Cumulative reservoir properties, after appropriate cutoffs are applied, provide information about the pore volume (PV), hydrocarbon pore volume (HPV), and flow capacity (KH) of a potential pay zone. These values are used to calculate hydrocarbon in place, recoverable reserves, and productivity of wells. The following algorithm is a highly simplified one-pass approach, which would need considerable adjustment to run on a real computer. However, it is suitable for discussion purposes (Guo 2004).
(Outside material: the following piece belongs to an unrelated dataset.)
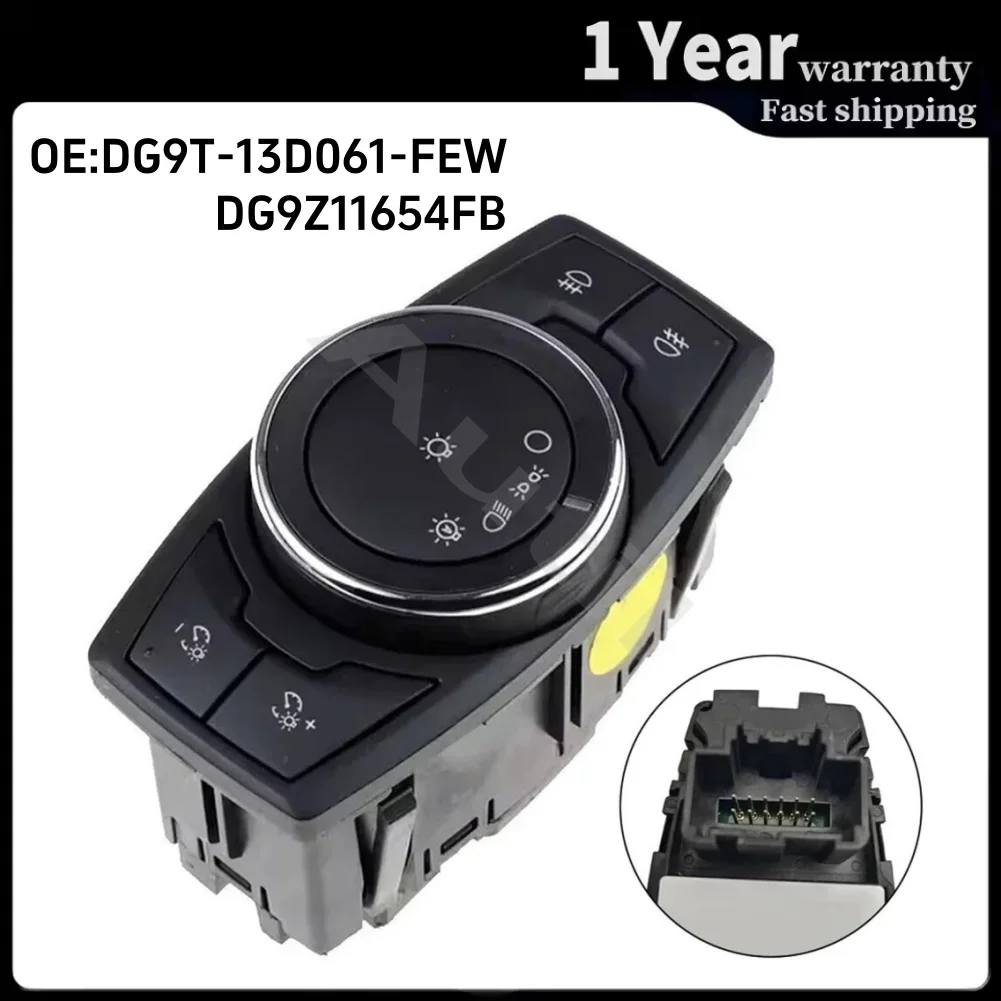 Headlight Fog Light Button Control Switch DG9Z11654FB for Ford Mondeo V 2014-2019 Car Replacement Accessories DG9T-13D061-FEW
It is normal to apply cutoffs to each calculated result to eliminate poor quality or unproductive zones. Cutoffs are usually applied to shale volume, porosity, water saturation, and permeability. The layer is not counted as “pay” if it fails any one of the four cutoffs. Typical cutoffs are:

$${\text{IF}}\left( {{\text{VSH}}_{{\max} } \le {\text{SH}}_{{\max} } } \right)*\left( {{\text{PHI}}_{\text{e}} \ge {\text{PHI}}_{{\min} } } \right)*\left( {S_{\text{w}} \le {\text{SW}}_{{\max} } } \right) = 1$$
(5)
$${\text{THEN PAYFLAG}} = 1$$
$${\text{ELSE PAYFLAG}} = 0$$
$$H_{\text{net}} = {\text{SUM}}\left( {{\text{PAYFLAG}}*{\text{INCR}}} \right)$$
(6)

where:

  • Hnet = net pay

  • INCR = digitizing increment

  • PHImin = porosity cutoff (fractional)

  • PHIe = effective porosity (fractional)

  • Sw = water saturation (fractional)

  • SWmax = saturation cutoff (fractional)

  • VSH = volume of shale (fractional)

  • VSHmax = shale volume cutoff (fractional).

Typically:

  • VSHmax = 0.25–0.45

  • PHImin = 0.03–0.16

  • SWmax = 0.30–0.70.

These values must be appropriate for the rock sequence. Values in unconventional reservoirs may be more extreme. In reservoir simulation work, the net reservoir is also needed. In this case, set SWmax = 1.00 (Guo 2004). The effective porosity, water saturation, reservoir, and net pay zone are shown in Fig. 7. Table 3 describes the numerical values of the net pay estimation. The pay thickness is estimated to be 10.8 m, whereas residual and non-residual thicknesses are estimated to be 12 m and 1 m, respectively.

Fig. 7
figure 7

Porosity, water saturation, reservoir, and net pay zone (left to right) of the area

Table 3 Net pay estimation of the South Tapti basin

6 Conclusions

  1. 1.

    The volume of shale is calculated using gamma ray and neutron–density log which shows a trend without much variation till 1865 m before it shows a marked decrease in volume until a depth of 1876 m. The volume of shale decreases again between 1914 and 1930 m depth.

  2. 2.

    The depth interval between 1866 and 1874 m witnesses the neutron and the density porosity crossover indicating the presence of a gas zone. The gamma ray count is also low in this zone. The average porosity however is high (30–45)%. This suggests along with the cross-plot results that the reservoir is sandstone with high porosity between 1866 and 1874 m.

  3. 3.

    The water saturation is very low in the reservoir zone, and resistivity curve in deep region (Rt) is high concurring with our inference for the presence of a gas zone.

  4. 4.

    The lithology is predicted using different cross-plots like neutron–density, sonic–neutron, and sonic–density which also indicates the presence of sandstone reservoir at (1866–1874) m and limestone at (1841–1845) m and (1900–1915) m.

  5. 5.

    The flushed zone water saturation is found using resistivity of mud filtrate and resistivity of flushed zone. Residual oil saturation(ROS) , movable oil saturation (MOS), and movable hydrocarbon index (MHI) are found, and it is observed that hydrocarbons are movable as MHI < 0.7.

  6. 6.

    Reservoir and pay zone analysis is performed, and it is found that the reservoir is 12 m thick and pay zone is 10.8 m thick which makes it a good reservoir.